Sorry for the confusion caused by my asking on stack overflow. I meant __inline__ device functions do not cause stack creation, as they are lines of codes. According to your explanation, CUDA warps for a block are created as it is scheduled onto an SM. The following statement is my understanding for thread execution: states of all threads of a scheduled block are somehow kept by the SM and the scheduler organizes threads that have the same instructions to execute into a group (when there is no branch deviation, the group includes all 32 threads corresponding to the warp) and schedule that group to its warp determined from the very start. When some threads execute to a non-inlined device function, the SM will record them entering a new stack frame, and update their execution to the first instruction in the device function. The instructions in the new stack frame from these threads will then be scheduled to be executed by warps as usual. So there is no warp creation, but only thread states updating and warp scheduling. Is this understanding correct? Thanks for replying!

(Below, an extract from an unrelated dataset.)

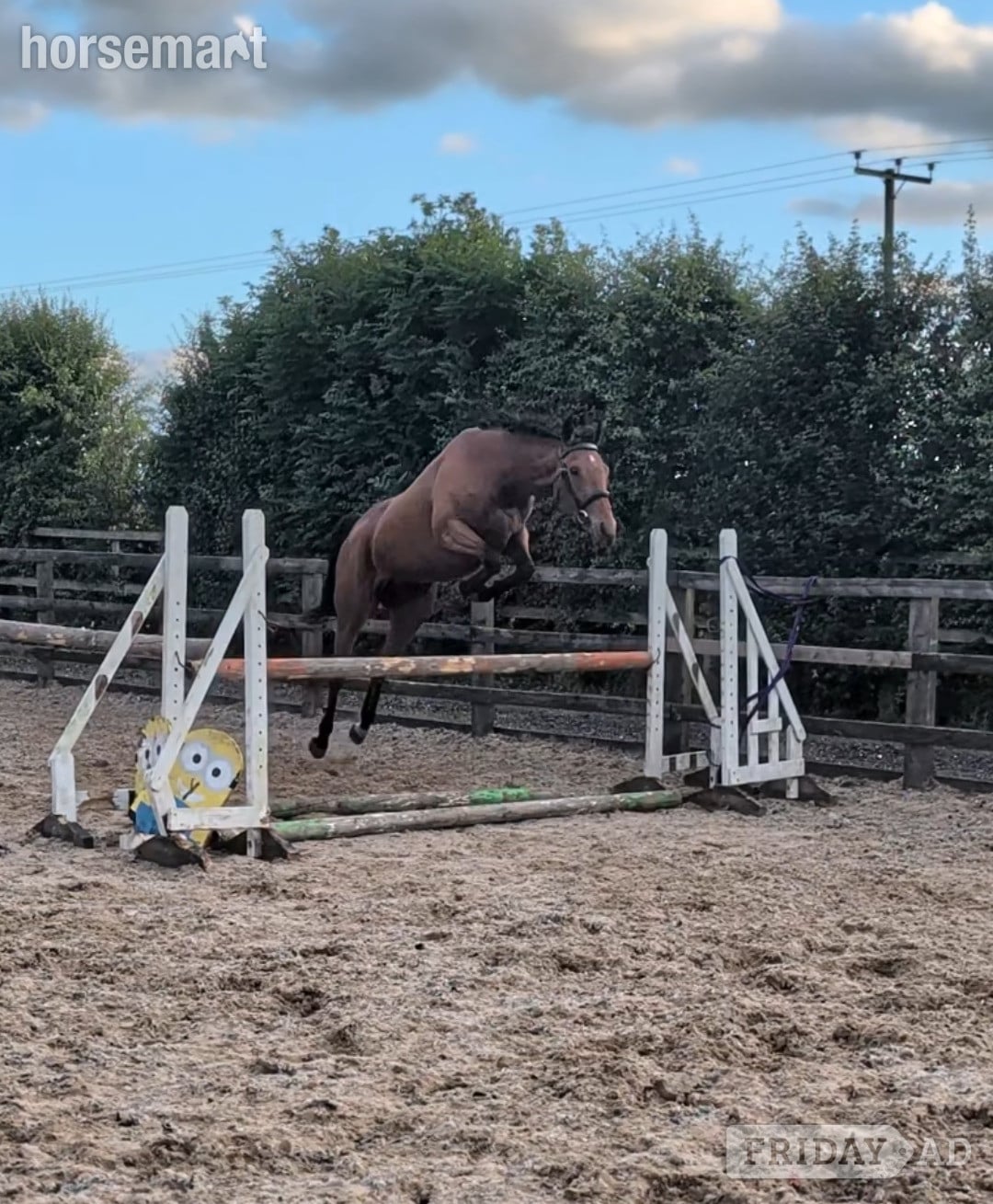 "Daisy " Bay Mare Project Horse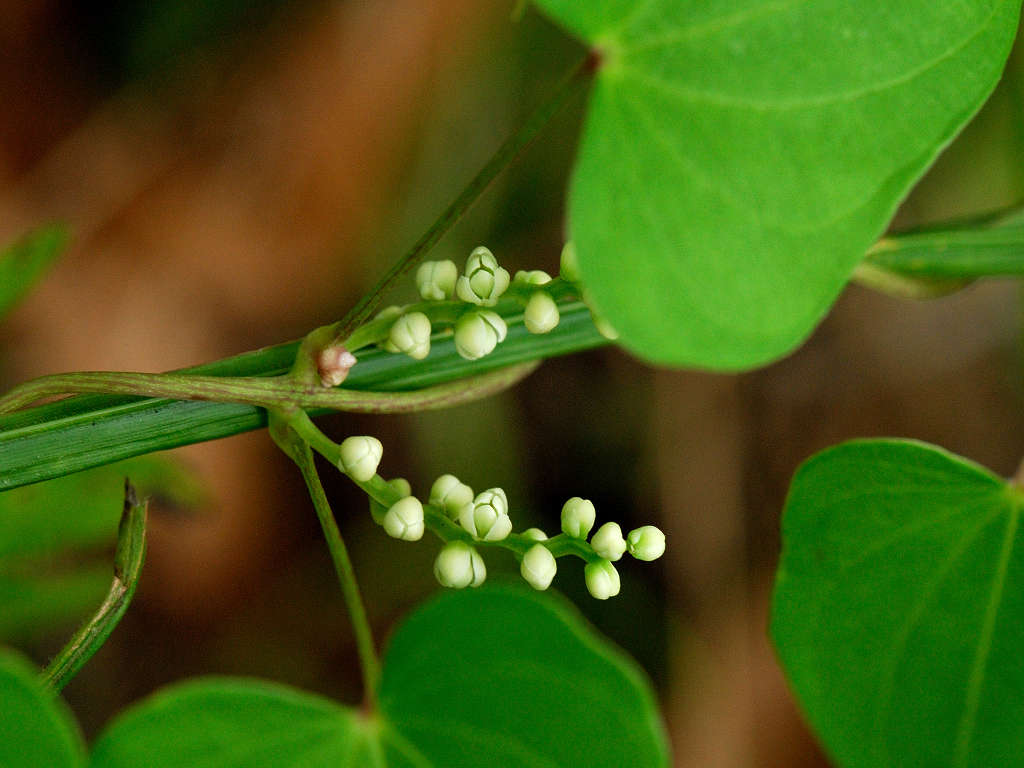 12.08.09.  (hata-gre)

Robert_Crovella · May 31, 2022, 3:02pm

That is mostly correct. I wouldn’t phrase it this way:

No, the scheduler doesn’t organize threads. When threads are deposited on a SM, they are already numbered, and they already belong to a specific warp. The warp scheduler determines what instruction each warp (or partial warp, if there is conditional behavior called for by the source code) will execute next.

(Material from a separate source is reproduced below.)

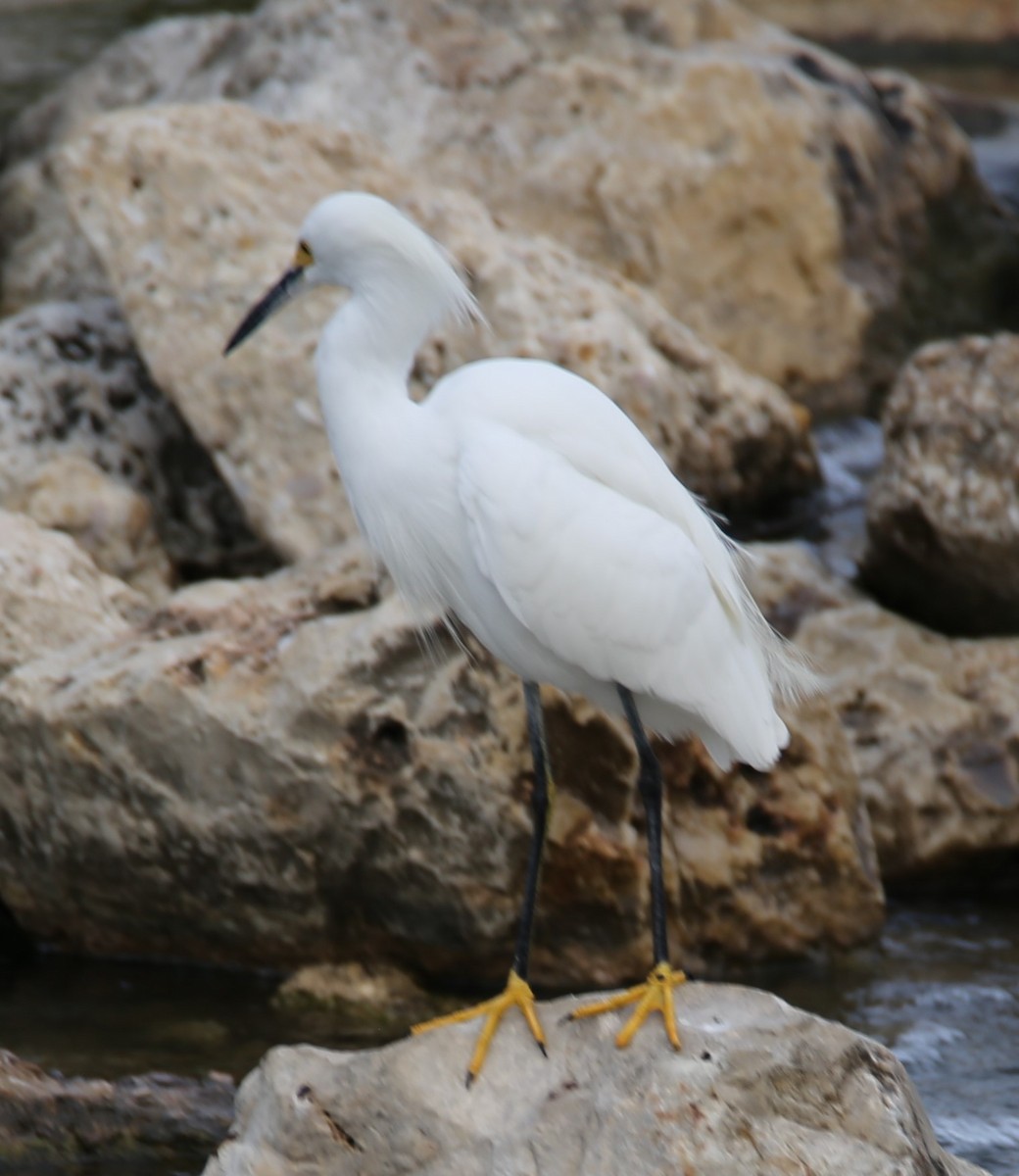 volavka bělostná - ML645218313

The stack is also not something that is created on the fly. A stack frame may be created “on the fly” (i.e. as part of the function call procedure), but the stack is always present. The stack is conceptually a pointer to a particular location in the local space of that thread. I also find this wording to be confusing or not correct:

To recap:

When threads reach a (non-inlined) function call, they will follow the function call procedure that is common for most processors I am familiar with. ← Please click that link and read it first. (I’m not suggesting it is a perfectly accurate description of GPU function call behavior, but the general concepts there are useful for background understanding.) They will push the return address onto the stack, and then jump to the first instruction of the function.

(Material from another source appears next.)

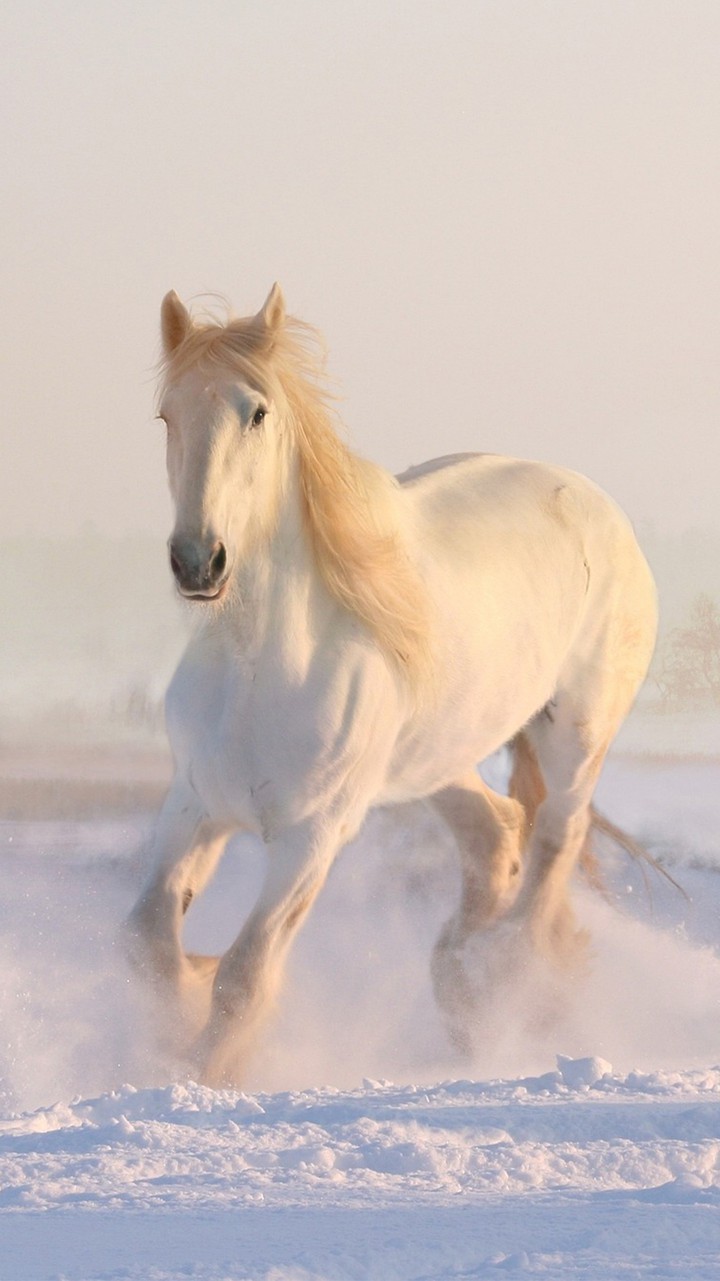 caballo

A stack frame may be created if determined to be necessary by the compiler. The stack frame may contain more or less arbitrary information, as needed by the function call. It doesn’t contain instructions. Instructions are retrieved from the thread instruction stream, just as the processing of non-function-call instruction happens. The stack frame may store parameter/argument data needed by the function call. The stack frame may also store the states of various registers, so those registers can be “reused” by the the thread processing, as it is processing the function body. The function may also retrieve arguments by referring to specific registers that have pointers to those arguments. At the conclusion of the function body processing, those registers will be “restored” from the stack frame (an area in the local space of the thread), before the return address that was placed on the stack is put back into the instruction pointer register for the thread.

I don’t consider this description that I have given to be perfect (this sort of topic will inevitably attract word-smithing from those who are smarter than me, and requires a topic of approximately the length I linked to do a careful treatment) but I believe it gives a sufficient general understanding of what happens when a normal call is made to a non-inlined function.

Most of this is not publicly specified by NVIDIA, which means it could all change tomorrow. Nearly all of these concepts can be confirmed by careful study of SASS code of various test cases, eg. using the cuobjdump tool. That is where my statements come from, not from any specific documentation or specification provided by NVIDIA. Therefore, these statements shouldn’t be used as a specification or guarantee of behavior by the NVIDIA compiler. They are merely my imperfect understanding of what I have witnessed by doing this sort of study.